El programa político de Bolsonaro para los próximos cinco años es ultraneoliberal en lo económico, autoritario en lo político y ranciamente conservador en los valores religiosos que pregona. Para él “Dios debe estar por encima de todo” y es quien guiará su camino como presidente. Pero el suyo es un Dios extraño, según el cual el error de los generales brasileños durante la dictadura militar fue torturar y no matar a 30 mil personas.

Durante su campaña electoral Bolsonaro empleó el odio como herramienta de movilización, incitó a la violencia contra sus opositores, y llamó entre bromas y verdades al aniquilamiento de sus adversarios. Su receta política es tan simple como burda: disciplina militar para resolver los problemas. Frente a la violencia: armar a la población, castrar químicamente a los violadores, promover la pena de muerte.

¿Qué es exactamente Jair Bolsonaro? ¿Un representante de la ultraderecha? ¿De la derecha populista radical? ¿Un fascista? Quizás una mezcla de todo eso. Algunos estudiosos lo asemejan a la ola de renacimiento de la extrema derecha que ha tenido lugar en países como Polonia, Austria, Estados Unidos y, más recientemente, en Italia, por no mencionar regímenes semiautoritarios como el de Rusia, Hungría y Turquía.

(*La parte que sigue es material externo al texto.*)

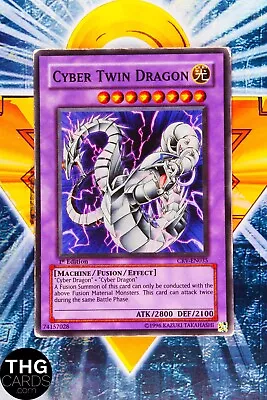 Cyber Twin Dragon CRV-EN035 1st Edition Super Rare Yugioh Card 4 • £2.79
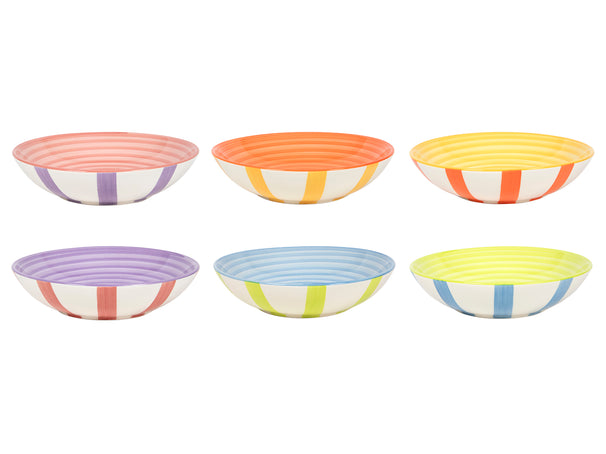 Cookinglife Tiefe Teller / Pastateller Summer Vibes ø 21 cm - 6 Stück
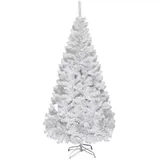 Costway Künstlicher Weihnachtsbaum Weiß 180 cm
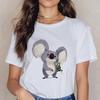 Women Cartoon Kawaii Animal Koala Print Women Tshirt Harajuku Ropa Mujer Graphic Plus Size TShirt Casual Streetwear  Tees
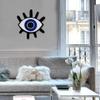 4ArtWorks - Evil Eye with Lashes 3D Wall Art - Black, Blue & Silver Mirror Gloss Finish - Good Luck & Protection Charm for Your House - Made in the USA - Modern Home Decor (15" W x 16" T, Black/Blue) view 3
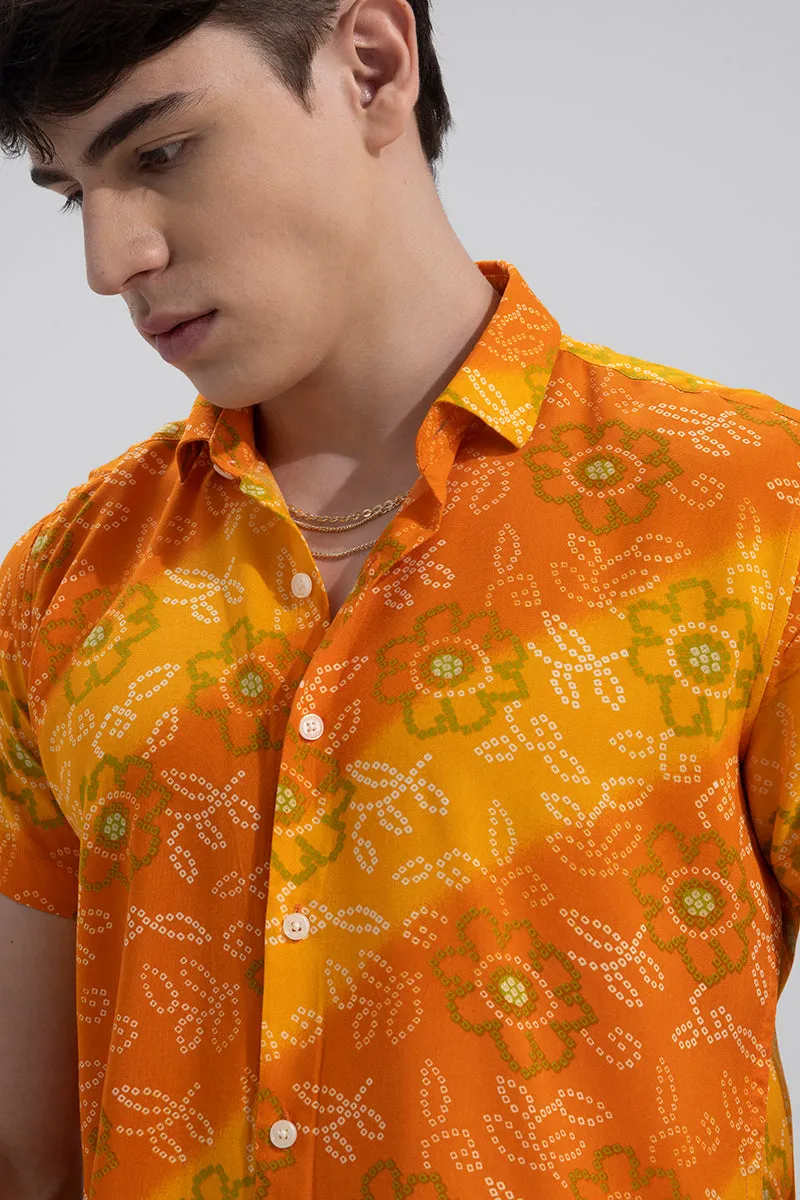 Bandhani Orange Shirt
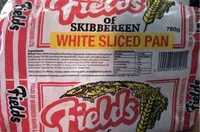 White sliced pan
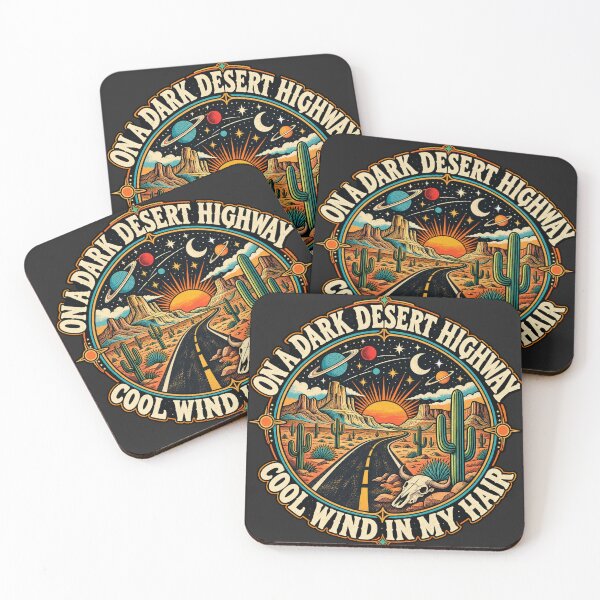 Item preview, On A Dark Desert Highway Cool Wind In My Hair Eagles Hotel California Sunset Road designed and sold by Cuiroblinda.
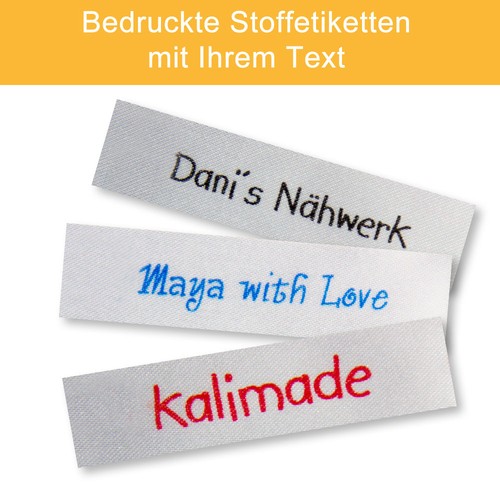 Textiletiketten stoffetiketten - textiletiketten,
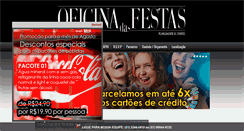 Desktop Screenshot of oficinadasfestas.com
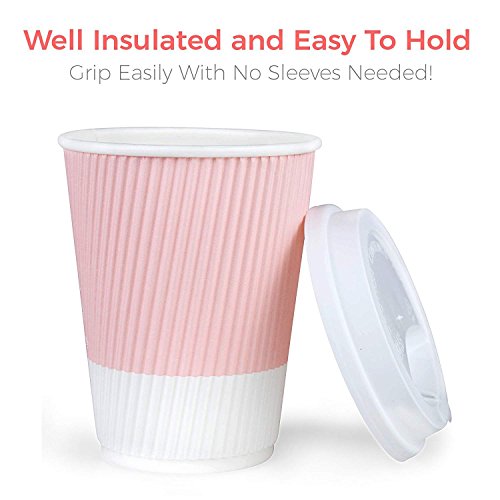 Disposable Coffee Cups With Lids (80 Count)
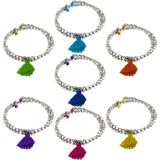 Taj Tassel Metal Bead Bracelet - Aaria Tees Aaria Tees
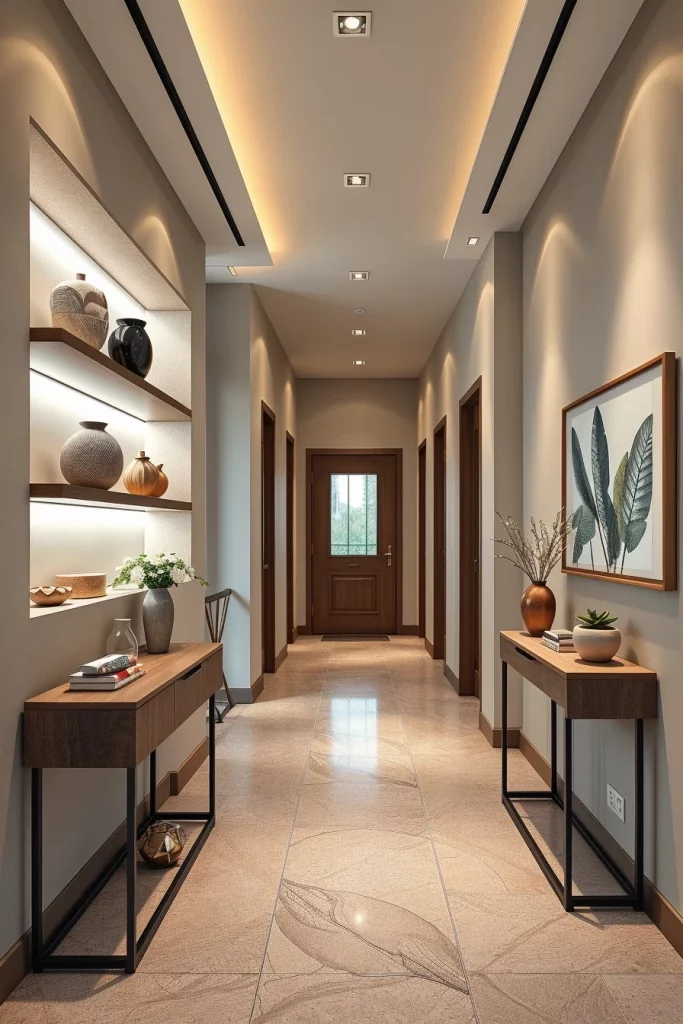 59 Modern Hallway Decor Styling Ideas To Create A Stunning Entryway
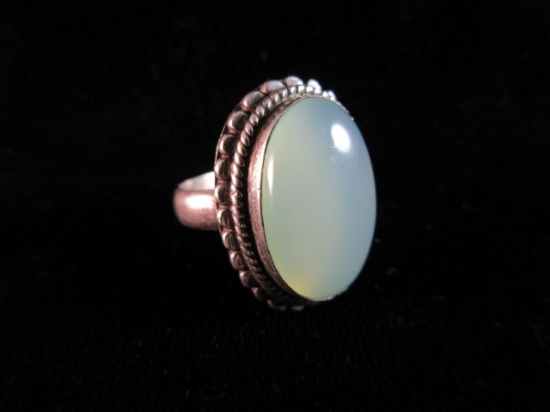Milky Opal Sterling Silver Vintage Ring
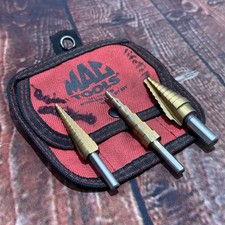 Mac Tools Va502t 3pc Nitride Coated Step Drill Bit Set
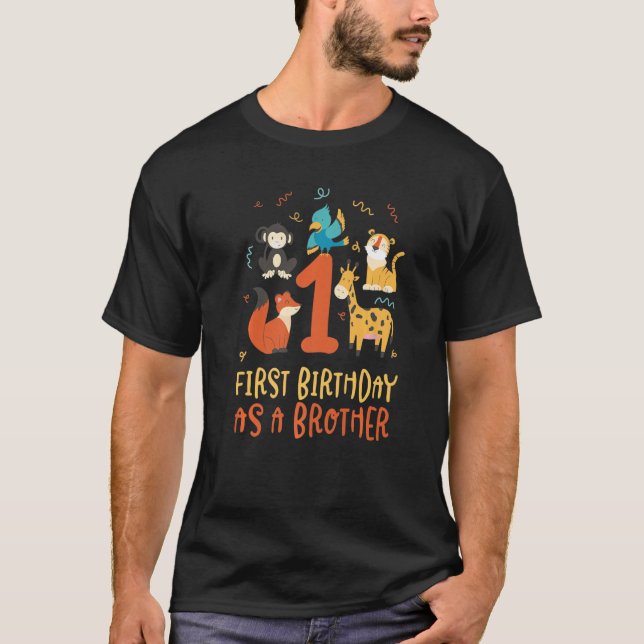 Camiseta Primeiro Aniversário Como Irmão Gravidez Diga (Frente)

Sin embargo, ni Erdogan ni Orban ni Putin ni Salvini han sido capaces de pronunciar frases como las de Bolsonaro (aunque varios de ellos hayan sido acusados de graves violaciones a los derechos humanos). Prueba del extremismo bolsonarista es el hecho de que incluso Marine Le Pen, ícono de la extrema derecha europea, desaprueba su discurso.

Por la defensa radical del liberalismo económico que abrazó durante la más reciente elección, por su conservadurismo moral, así como por su desconfianza frente a los contrapesos típicos de una democracia liberal, Bolsonaro se asemeja a la derecha populista radical. Por su lenguaje violento, empleo de amenazas veladas o abiertas a la oposición, y por recurrir a un discurso de tintes racistas, Bolsonaro también muestra similitudes con fascismo.

El ex militar, sin embargo, no ha exhibido hasta ahora otros elementos típicos del fascismo como el promover un discurso donde la nación se identifica a una sola raza, ni hay evidencia de que haya promovido la creación de milicias privadas o grupos organizados para agredir a actores de la oposición.

Sería un error asumir que todo el electorado de Bolsonaro apoya sus posturas más polémicas. Su elección le debe mucho a la corrupción de la clase política brasileña (de toda ella), a la recesión económica; a la violencia y la inseguridad, así como al deseo de mano dura como respuesta para combatir estos males.

Entre quienes lo votaron hay una gran diversidad de grupos sociales y perfiles ideológicos.

En un mundo en el que el eje antisistema comienza a ser cada vez más relevante, Bolsonaro ha logrado agradar a un gran número de brasileños —jóvenes gran parte de ellos— por ser visto como un outsider de la política tradicional.

Las élites económicas y políticas brasileñas son, en gran medida, responsables del triunfo de Bolsonaro. Lo que estuvo en juego en la elección de la que resultó triunfante no era elegir entre una opción de izquierda y una de derecha, una promercado y otra antimercado, aunque así quisieran verlo algunos. La opción era entre democracia y libertad o autoritarismo y barbarie. Ese dilema exigía tomar partido de forma clara y contundente. Por acción u omisión estas élites son responsables que hoy Brasil se sitúe a las puertas de un régimen de tintes fascistas.